Long-term relationships: the NOMAD formula

Relationships - 10 Years - Suppliers

We have learned and grown a lot at NOMAD since Jordi Mestre opened NOMAD COFFEE LAB in Barcelona 10 years ago. Our way of buying green coffee has evolved as the company has grown.

 

At the beginning, all our specialty coffees were purchased through a single importer, Falcon Specialty Coffees, to whom we are absolutely grateful: both for the work they do, as well as for their magnificent coffees. Subsequently, importers were added to the list, reaching the point of working with more than 10 of them in one year.

 

Thanks to the trust of our customers, NOMAD started to be able to hire a container to fill it with coffee from producers we work with and bring it directly to Barcelona.
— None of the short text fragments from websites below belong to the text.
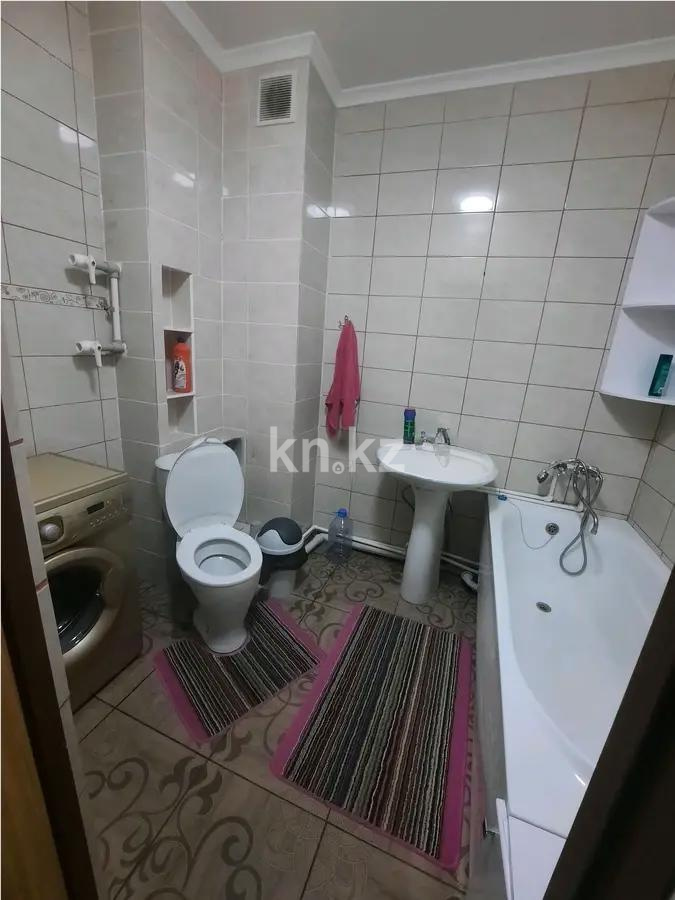 Продажа 2-комнатной квартиры, 52 м², пр. Республики, дом  1/3 в Караганде - фото 4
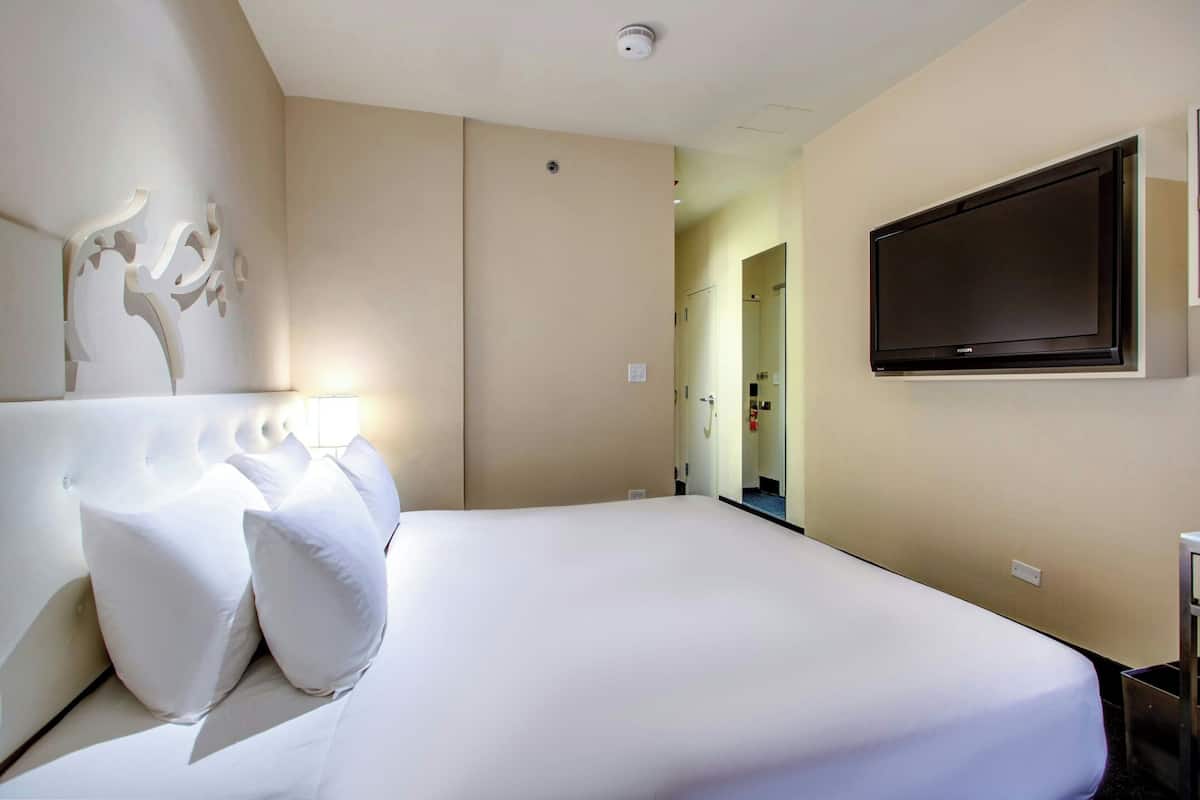 1 bedroom, premium bedding, pillowtop beds, minibar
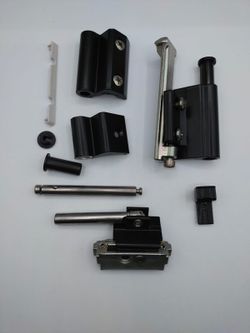 Jeu de charnières pivotantes de 80 kg.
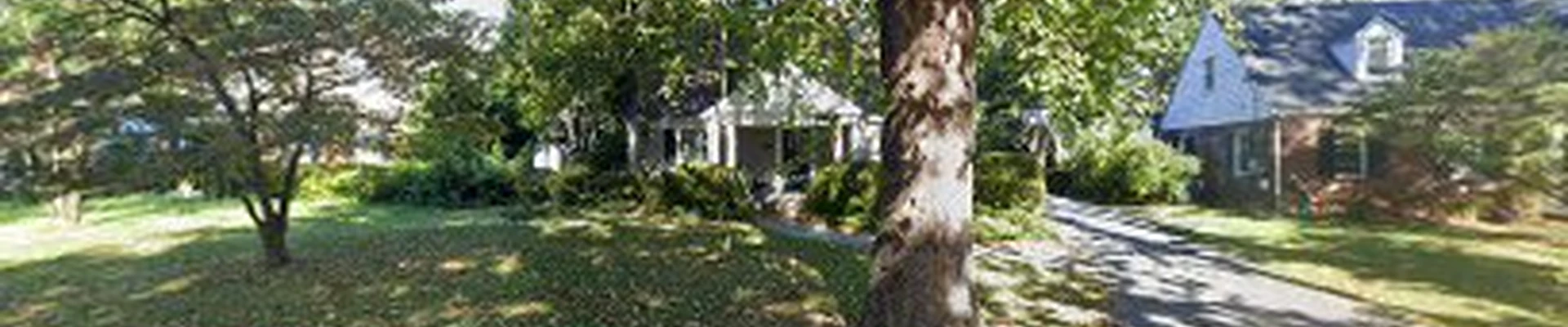 Colonial Landscaping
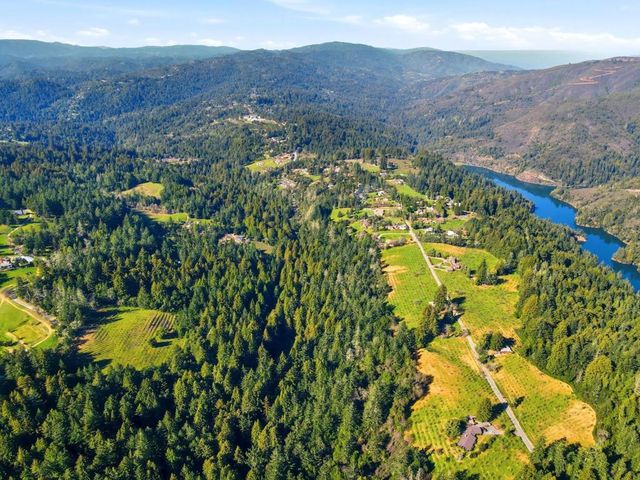 24580 Loma Prieta Avenue, Los Gatos, CA 95033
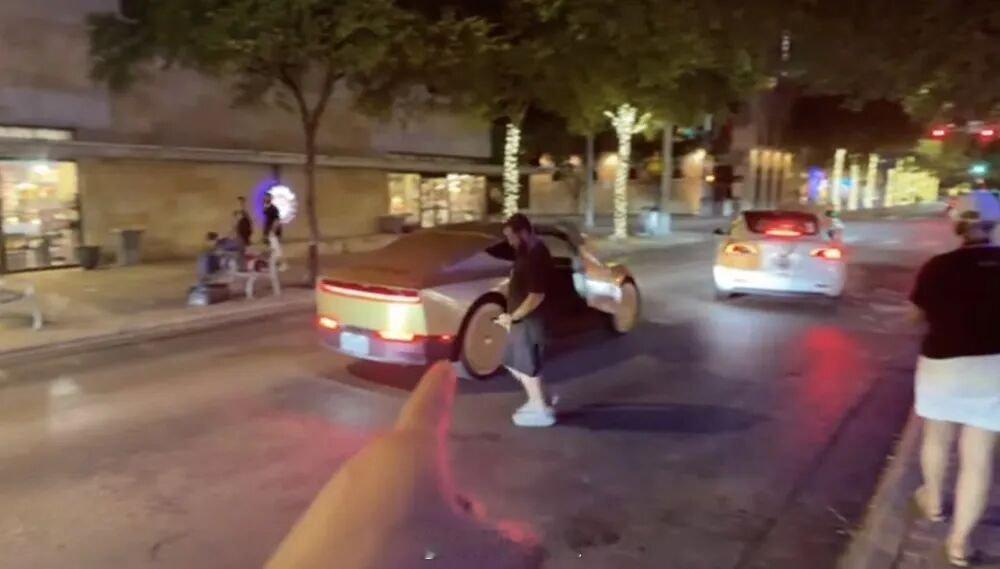 特斯拉新车刚发布就翻车？停路中间接客被吐槽。特斯拉无人驾驶电动车无方向盘 ​​​
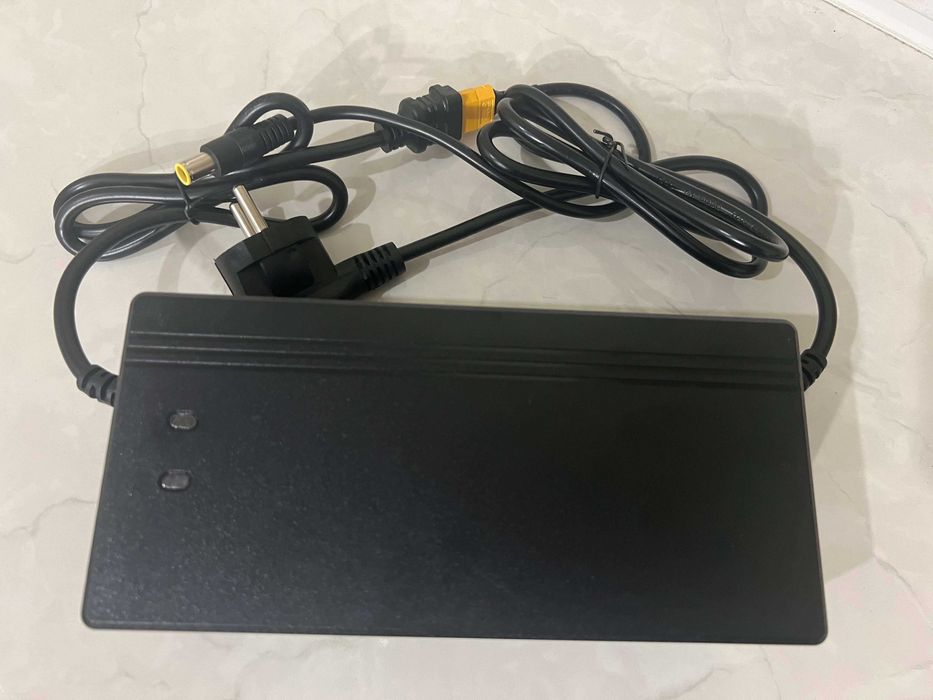 Зарядне до BLUETTI T200S  блок живлення 25.2V/8A зарядка EB 70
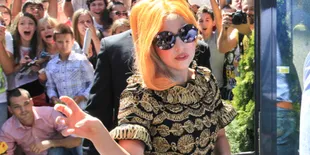 Promo Single Baru, Lady Gaga Telanjang Ditutupi Rumput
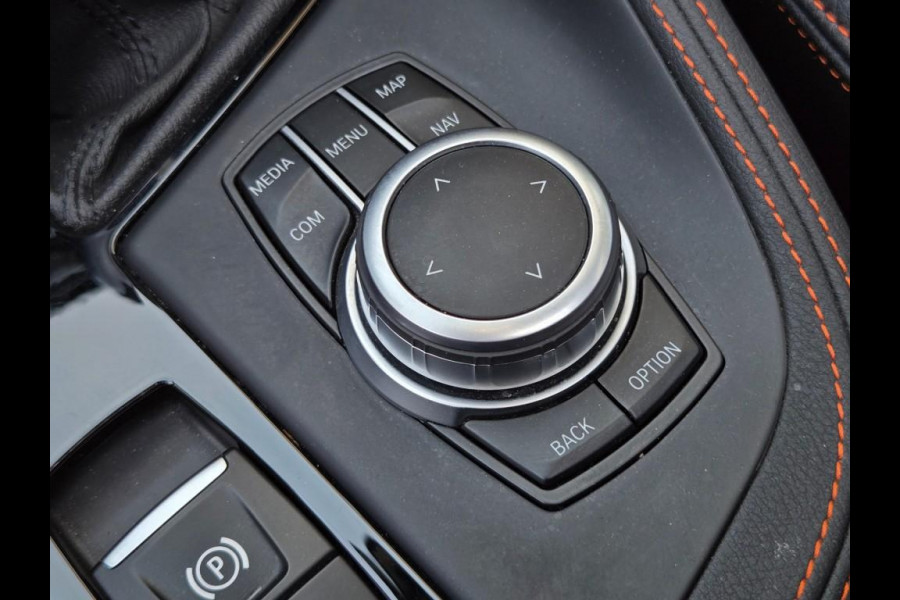 BMW X1 XDRIVE25E SPORTLINE I PANORAMA I SPORTSTOELEN I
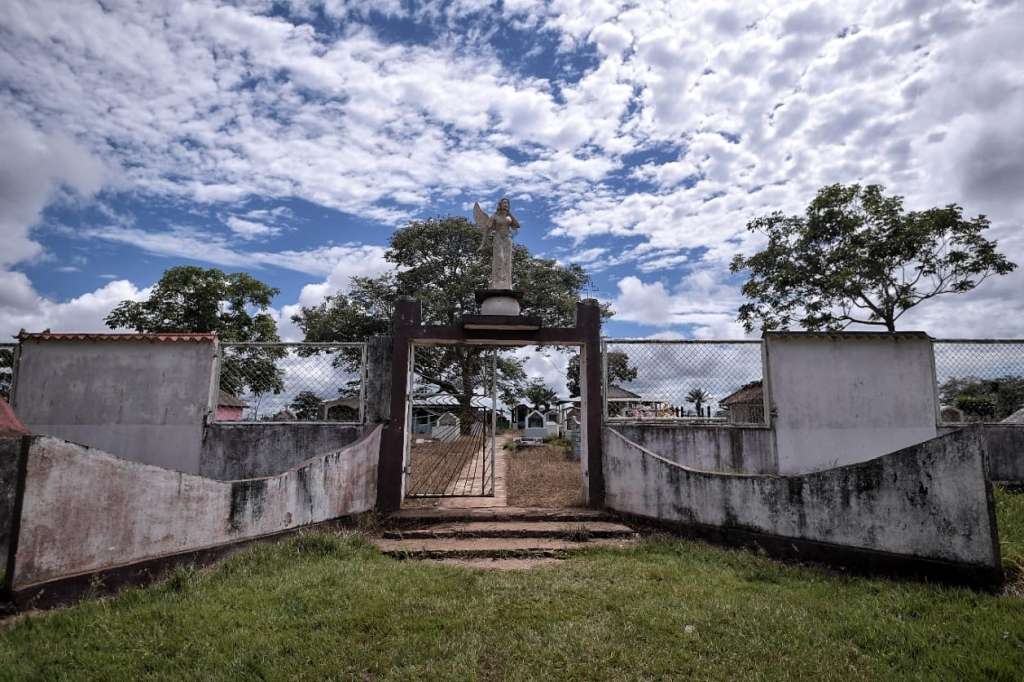 En casi todas las tumbas en el cementerio de Calamar Guaviare hay un vaso con agua para las ánimas.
The first of these was from Finca Aquiares, in Costa Rica. This year, 2024, will be the eighth time we have bought coffee from their producer, Diego Robelo, in a direct and collaborative way.

 

 

In recent years, we have reduced our partnerships with importers, focusing only on those that are aligned with our values, such as transparency in payments throughout the supply chain. As I say, importers are our allies. Without them we could not have reached this point.

 

We combine these alliances with our direct relationships, of which we are enormously proud. Diego Robelo from Costa Rica, Juan Felipe Restrepo from Colombia, Carlos Pola from El Salvador, Fabricio Coronel from Ecuador and as of 2024, Jhon Ortiz, from Finca Kafipamba in Ecuador, with whom we have closed our first long-term contract.

 

We are pleased to share the details of our collaboration agreement with Jhon with the help of Makicuna, our importer partner with the coffee we bring from Ecuador.

 

 

We have signed a contract between the 3 parties where we commit to work together for the next 3 harvests, starting with the 2023 harvest with the Cider variety and with the opportunity to extend the contract to 5 or more harvests with other varieties.

 

The objectives of this agreement are to offer economic security to the farm and to provide advice on improving the quality of its product in order to achieve economic sustainability. Both Makicuna and NOMAD have invested $0.50 per kilo of exportable green coffee purchased in a process technician to advise the farm during post-harvest 2024. In the contract we have also established to improve the price paid per kilo as the quality of the coffee increases, thus ensuring a fair price-quality relationship.

 

This is our first long-term contract signed by all parties. But as you have been able to see it is not our first case. We have been collaborating with many coffee producers for more than 5 years in a row, without any type of signed contract, nothing more than the word that they and NOMAD have kept.